Jan 20, 2025 - 12:52
 0
Error Budgets in Practice: A Data-Driven Approach to Risk and Release Management

Why Error Budgets?

CoinGecko offers API services to our customers. There are 2 types of APIs that we provide, Public API and Pro API. For Pro API, we are bound with tight service-level agreements (SLA) to our customers. These SLAs are important for us to ensure customer satisfaction and trust in the platform.

We visualized the risk metrics to categorize risk categories into severities that may impose danger to our SLAs. Instead of settling for availability goals like 99.9% or 99.95%, we strive for tangible information to determine to ensure that our goals remain realistic.

In this article, we will discuss the process behind measuring and managing a reliable uptime SLA. How do we track, analyse and understand risks before reaching a conclusion for our SLA?

For the ease of understanding, let’s first talk about SLOs and SLAs:-

SLA
Service Level Agreements – agreements with our customers about reliability of our services.

SLO
Service Level Objectives – thresholds that catch an issue before it breaches our SLAs.

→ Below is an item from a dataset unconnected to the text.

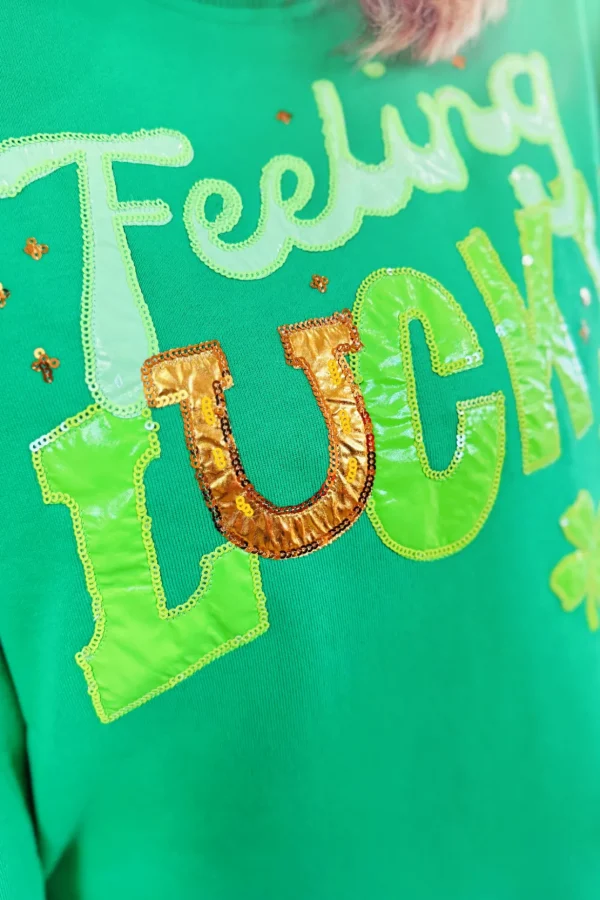 Feelin’ Lucky Rainbow Stripe Sweatshirt-Brianna Cannon Sale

SLA and SLO, where it stands - Courtesy of Google
SLA and SLO, where it stands - Courtesy of Google

In other words, we have a higher threshold for SLO compared to SLA. We need to capture any issues before it reaches out to the customer. In terms of uptime, internally, we only allow a lower duration of downtime, x, compared to the external threshold that we set, y duration of downtime. To put it into formula → x < y.

The SLA that we have for our Pro API is 99.9%. That means, for SLO, we have a higher threshold; e.g., 99.95% or 99.99%.

How do we know how much head room that we have before we breach our SLO?

An uptime SLA of 99.9% is equivalent to 43.2 minutes of downtime in a month. A corresponding SLO of 99.95% is equivalent to 21.6 minutes of downtime.

This difference in minutes is also known as Error Budget. This error budget allows us to do maintenance, deployment and improvement towards our application. Engineers only have 21.6 minutes a month to maneuver around when they face problems that cause downtime.

Error Budget is an inverse of SLO. If our SLO is 99.9% availability, our Error Budget is the remaining amount of time (0.1% unavailability).

Availability Table - Courtesy of Google
Availability Table - Courtesy of Google

From the table above, we now understand the unavailability, i.e., the Error Budget, in terms of the time we can afford.

Let’s take a look at these 2 diagrams below to understand the burn rate of our Error Budget from Day 1 to Day 28. The diagram below shows our Error budget of 21.6 mins (expressed as 100%) at the beginning of the month.

The first diagram shows a positive Error Budget by the 28th day of the month.

Monthly error budget nearing the budget - Courtesy of Google
Monthly error budget nearing the budget - Courtesy of Google

Meanwhile, the following diagram shows a breached Error Budget with negative percentage remaining.

Monthly error budget breaching the budget - Courtesy of Google
Monthly error budget breaching the budget - Courtesy of Google

The diagram above provides a visual representation of the burn rate in percentage regardless of how many minutes of Error Budget that we have chosen.

Error budget burn rate can be monitored throughout the month to revise the frequency, priority and type of deployments scheduled.

Analyzing past incidents to categorize our failure points

No application or system is perfect, especially in its early stages. The key is to learn from these experiences by recording, documenting, and categorizing each incident for future reference. By investigating these issues, we gain a deeper understanding of how to prioritize and address them, helping us craft realistic SLOs. Analyzing past incidents and anticipating future ones allows us to take proactive measures to prevent SLA breaches and ensure system reliability.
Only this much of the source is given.